Dataset entries:
- - - - -

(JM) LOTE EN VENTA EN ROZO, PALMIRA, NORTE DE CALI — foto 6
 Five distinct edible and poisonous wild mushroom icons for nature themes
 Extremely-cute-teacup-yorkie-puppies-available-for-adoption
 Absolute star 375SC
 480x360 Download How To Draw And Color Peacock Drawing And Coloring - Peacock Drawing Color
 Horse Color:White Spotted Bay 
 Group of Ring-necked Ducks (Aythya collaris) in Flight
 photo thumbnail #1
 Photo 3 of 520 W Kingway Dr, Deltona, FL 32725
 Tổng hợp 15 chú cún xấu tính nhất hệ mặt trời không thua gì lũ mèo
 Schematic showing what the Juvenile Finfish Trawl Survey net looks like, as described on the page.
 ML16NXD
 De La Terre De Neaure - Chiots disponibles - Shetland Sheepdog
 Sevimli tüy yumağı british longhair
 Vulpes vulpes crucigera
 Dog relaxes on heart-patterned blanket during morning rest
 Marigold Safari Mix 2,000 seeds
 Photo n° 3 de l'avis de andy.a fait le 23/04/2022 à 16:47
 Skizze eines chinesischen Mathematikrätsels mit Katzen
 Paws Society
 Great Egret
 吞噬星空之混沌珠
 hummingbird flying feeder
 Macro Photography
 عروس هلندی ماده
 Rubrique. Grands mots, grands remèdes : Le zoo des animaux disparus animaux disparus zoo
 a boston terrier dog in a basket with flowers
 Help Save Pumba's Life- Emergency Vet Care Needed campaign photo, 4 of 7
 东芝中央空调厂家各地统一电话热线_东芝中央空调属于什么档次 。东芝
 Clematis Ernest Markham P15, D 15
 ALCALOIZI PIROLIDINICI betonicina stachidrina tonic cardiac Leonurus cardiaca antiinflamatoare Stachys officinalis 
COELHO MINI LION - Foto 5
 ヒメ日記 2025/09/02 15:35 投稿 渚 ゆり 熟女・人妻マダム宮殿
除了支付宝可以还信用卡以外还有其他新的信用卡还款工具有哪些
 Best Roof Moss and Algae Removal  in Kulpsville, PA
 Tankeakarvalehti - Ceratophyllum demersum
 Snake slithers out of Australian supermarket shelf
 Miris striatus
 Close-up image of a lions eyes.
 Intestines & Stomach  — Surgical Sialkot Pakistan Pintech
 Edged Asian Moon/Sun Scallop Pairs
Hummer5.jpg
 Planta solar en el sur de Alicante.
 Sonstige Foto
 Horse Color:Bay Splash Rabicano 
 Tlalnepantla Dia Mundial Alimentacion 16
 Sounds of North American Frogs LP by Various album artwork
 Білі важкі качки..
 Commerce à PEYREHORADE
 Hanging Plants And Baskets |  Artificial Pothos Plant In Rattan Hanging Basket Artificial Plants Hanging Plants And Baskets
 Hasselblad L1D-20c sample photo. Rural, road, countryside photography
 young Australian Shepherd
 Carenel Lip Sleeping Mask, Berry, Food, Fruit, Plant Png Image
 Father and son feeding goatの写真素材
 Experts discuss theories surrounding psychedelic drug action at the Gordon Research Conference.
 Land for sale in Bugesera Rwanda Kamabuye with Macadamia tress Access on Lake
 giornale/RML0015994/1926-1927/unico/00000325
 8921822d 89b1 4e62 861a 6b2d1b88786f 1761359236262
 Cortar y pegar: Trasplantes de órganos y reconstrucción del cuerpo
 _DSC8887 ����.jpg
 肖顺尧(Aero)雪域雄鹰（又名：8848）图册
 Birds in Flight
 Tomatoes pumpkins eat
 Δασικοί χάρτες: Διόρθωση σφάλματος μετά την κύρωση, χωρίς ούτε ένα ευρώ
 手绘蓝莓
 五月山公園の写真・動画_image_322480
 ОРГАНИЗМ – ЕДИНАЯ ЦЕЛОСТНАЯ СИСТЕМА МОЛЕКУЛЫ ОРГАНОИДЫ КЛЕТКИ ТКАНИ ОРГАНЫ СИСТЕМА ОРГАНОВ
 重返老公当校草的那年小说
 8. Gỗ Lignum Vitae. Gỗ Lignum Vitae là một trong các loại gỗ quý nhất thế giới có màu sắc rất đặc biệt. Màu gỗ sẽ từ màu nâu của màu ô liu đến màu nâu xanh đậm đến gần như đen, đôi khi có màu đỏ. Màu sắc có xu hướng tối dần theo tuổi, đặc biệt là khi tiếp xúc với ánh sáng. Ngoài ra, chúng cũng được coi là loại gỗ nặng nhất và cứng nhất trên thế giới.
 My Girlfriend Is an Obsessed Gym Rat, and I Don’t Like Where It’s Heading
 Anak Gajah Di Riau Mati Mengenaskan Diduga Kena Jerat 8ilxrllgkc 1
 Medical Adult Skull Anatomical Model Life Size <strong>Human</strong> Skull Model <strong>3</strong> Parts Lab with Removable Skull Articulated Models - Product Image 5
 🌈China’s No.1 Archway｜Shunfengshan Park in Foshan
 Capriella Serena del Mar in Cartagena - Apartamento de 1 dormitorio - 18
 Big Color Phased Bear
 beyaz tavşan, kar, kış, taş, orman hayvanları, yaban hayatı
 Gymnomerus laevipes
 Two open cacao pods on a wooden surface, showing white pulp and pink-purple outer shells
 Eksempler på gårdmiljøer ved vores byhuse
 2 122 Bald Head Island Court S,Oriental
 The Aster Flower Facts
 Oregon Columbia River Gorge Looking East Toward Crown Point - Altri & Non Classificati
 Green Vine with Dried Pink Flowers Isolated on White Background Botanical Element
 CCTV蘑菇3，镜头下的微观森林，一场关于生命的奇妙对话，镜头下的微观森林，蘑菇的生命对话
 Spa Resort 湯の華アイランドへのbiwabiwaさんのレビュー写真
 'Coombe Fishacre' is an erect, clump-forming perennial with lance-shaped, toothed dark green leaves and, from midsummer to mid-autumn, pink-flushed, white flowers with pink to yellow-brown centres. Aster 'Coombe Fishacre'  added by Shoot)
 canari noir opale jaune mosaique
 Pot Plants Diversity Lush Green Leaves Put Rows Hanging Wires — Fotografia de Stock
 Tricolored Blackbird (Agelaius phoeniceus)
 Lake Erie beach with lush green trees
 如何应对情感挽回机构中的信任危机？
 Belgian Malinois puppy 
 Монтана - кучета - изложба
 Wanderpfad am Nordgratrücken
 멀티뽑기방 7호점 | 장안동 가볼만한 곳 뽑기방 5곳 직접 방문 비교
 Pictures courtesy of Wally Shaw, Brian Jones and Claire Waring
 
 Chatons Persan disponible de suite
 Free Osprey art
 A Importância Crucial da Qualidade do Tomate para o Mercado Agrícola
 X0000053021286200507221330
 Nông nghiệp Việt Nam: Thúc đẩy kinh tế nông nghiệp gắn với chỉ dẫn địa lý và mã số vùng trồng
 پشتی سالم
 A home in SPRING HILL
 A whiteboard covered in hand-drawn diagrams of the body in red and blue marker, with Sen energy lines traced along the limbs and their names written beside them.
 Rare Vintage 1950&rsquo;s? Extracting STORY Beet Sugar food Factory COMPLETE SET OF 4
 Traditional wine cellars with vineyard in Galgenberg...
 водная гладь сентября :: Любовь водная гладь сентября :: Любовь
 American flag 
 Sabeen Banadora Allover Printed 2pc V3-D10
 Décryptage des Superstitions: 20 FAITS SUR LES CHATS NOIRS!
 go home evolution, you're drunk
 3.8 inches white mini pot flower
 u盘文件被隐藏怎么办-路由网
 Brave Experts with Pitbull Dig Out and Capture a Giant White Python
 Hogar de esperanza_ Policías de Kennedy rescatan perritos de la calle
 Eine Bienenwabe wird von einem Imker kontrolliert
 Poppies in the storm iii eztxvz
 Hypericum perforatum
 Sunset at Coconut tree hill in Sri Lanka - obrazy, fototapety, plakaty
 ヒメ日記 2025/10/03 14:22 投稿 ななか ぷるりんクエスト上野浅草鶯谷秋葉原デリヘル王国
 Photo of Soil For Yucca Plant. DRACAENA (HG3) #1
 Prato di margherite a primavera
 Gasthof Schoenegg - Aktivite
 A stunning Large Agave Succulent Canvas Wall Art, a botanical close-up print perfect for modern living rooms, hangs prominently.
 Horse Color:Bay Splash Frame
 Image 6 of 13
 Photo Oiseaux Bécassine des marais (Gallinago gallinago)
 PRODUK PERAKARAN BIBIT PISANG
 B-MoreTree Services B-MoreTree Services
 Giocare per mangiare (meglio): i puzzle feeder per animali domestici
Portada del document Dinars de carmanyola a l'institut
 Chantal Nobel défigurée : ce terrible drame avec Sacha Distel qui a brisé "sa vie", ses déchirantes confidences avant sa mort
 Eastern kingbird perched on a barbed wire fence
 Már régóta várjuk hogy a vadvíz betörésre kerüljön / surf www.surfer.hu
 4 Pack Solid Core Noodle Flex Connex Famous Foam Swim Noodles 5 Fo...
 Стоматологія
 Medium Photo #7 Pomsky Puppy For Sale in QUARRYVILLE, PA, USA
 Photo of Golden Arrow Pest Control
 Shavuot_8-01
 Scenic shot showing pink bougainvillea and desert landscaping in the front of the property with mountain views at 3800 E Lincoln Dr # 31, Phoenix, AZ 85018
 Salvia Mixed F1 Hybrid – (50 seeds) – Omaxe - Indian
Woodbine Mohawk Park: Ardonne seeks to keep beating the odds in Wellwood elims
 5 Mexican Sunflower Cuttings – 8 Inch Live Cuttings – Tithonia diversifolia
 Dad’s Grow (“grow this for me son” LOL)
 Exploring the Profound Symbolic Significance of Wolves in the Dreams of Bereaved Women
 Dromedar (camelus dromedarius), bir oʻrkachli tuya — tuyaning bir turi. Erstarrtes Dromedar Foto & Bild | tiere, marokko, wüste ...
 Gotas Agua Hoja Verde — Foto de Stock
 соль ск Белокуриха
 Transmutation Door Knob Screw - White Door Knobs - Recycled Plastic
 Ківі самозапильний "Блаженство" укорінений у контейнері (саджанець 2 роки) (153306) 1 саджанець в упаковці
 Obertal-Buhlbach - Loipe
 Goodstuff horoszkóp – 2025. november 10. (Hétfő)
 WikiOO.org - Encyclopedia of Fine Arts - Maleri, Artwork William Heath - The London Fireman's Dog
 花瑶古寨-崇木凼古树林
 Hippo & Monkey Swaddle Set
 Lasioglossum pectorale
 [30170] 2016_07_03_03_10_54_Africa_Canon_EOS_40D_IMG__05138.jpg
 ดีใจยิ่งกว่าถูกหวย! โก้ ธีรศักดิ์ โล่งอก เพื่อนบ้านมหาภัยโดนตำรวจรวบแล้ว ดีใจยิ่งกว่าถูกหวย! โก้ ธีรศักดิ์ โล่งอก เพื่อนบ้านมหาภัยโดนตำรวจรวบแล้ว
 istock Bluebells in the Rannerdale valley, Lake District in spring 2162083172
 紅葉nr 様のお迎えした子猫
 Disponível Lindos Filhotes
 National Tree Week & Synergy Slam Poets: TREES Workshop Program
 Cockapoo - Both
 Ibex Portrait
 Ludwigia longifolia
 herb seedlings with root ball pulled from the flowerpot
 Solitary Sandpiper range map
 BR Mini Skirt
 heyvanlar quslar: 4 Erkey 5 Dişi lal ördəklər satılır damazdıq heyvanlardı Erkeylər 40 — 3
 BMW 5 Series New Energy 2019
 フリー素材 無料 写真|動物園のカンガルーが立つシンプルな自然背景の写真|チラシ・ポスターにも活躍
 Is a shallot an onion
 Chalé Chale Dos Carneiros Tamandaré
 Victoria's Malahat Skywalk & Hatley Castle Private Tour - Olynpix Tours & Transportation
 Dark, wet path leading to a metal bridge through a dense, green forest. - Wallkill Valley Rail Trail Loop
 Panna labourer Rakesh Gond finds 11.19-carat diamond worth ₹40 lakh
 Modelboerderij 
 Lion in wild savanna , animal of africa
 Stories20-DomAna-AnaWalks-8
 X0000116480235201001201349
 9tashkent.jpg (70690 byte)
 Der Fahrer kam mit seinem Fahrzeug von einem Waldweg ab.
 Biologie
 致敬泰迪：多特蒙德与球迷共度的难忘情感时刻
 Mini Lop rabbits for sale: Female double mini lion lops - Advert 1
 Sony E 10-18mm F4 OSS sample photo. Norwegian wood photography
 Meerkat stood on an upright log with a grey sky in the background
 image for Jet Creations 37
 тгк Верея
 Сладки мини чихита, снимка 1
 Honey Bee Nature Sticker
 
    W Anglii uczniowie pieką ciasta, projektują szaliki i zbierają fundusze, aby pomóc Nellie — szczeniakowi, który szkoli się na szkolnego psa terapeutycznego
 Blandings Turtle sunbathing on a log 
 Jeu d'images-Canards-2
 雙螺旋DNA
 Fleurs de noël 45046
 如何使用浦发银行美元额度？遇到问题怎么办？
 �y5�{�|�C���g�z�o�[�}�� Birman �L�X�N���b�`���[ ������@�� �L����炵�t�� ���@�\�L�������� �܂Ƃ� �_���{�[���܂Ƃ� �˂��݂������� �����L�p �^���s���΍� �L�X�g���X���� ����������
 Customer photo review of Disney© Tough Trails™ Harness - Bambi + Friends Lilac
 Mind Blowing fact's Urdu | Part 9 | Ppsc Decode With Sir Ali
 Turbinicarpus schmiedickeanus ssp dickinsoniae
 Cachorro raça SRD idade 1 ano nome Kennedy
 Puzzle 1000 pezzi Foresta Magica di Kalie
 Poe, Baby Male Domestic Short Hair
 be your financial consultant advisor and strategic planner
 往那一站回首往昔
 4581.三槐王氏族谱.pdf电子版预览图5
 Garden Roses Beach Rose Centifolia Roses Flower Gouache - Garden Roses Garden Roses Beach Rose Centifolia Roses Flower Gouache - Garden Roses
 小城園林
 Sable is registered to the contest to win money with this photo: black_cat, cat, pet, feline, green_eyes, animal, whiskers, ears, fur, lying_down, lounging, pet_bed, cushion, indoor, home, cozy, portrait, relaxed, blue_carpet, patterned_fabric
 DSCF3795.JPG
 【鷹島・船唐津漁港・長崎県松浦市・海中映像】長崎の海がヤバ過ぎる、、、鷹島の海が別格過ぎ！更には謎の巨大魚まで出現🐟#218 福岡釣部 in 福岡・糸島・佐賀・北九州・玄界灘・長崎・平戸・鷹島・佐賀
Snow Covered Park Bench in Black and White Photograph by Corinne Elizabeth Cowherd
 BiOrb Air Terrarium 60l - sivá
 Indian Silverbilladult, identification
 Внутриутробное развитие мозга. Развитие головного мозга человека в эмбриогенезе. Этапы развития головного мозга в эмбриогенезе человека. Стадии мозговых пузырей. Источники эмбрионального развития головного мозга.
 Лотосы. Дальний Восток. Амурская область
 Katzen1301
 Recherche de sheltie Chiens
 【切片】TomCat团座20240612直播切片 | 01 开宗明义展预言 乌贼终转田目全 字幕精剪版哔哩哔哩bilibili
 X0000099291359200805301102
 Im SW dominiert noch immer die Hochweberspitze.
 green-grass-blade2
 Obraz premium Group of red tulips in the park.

- - - - -

Activity:
Using the entries above, give back exactly the line containing "Mini Lop rabbits", the line containing "Honey Bee Nature Sticker", and every line between them, and nothing else.

Written answer:
 Mini Lop rabbits for sale: Female double mini lion lops - Advert 1
 Sony E 10-18mm F4 OSS sample photo. Norwegian wood photography
 Meerkat stood on an upright log with a grey sky in the background
 image for Jet Creations 37
 тгк Верея
 Сладки мини чихита, снимка 1
 Honey Bee Nature Sticker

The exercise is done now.